Every line holding "Kitchen" should be copied from the records below.

Records from a data collection
BEGIN

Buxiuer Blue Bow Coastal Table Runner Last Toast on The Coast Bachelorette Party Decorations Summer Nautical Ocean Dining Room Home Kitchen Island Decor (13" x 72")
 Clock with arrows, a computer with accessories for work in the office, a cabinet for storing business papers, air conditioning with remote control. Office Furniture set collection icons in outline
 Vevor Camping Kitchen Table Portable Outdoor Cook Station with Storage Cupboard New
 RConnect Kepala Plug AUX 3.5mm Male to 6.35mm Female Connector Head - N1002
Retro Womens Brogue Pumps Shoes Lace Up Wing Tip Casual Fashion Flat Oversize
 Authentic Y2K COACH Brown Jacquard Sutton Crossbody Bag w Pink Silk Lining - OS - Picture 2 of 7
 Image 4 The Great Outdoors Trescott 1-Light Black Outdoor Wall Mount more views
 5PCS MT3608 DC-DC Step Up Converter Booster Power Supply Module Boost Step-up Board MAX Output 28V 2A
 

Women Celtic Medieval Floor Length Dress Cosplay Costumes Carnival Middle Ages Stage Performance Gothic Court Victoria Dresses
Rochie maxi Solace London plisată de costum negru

END

RESULT OF THE EXERCISE.
Buxiuer Blue Bow Coastal Table Runner Last Toast on The Coast Bachelorette Party Decorations Summer Nautical Ocean Dining Room Home Kitchen Island Decor (13" x 72")
 Vevor Camping Kitchen Table Portable Outdoor Cook Station with Storage Cupboard New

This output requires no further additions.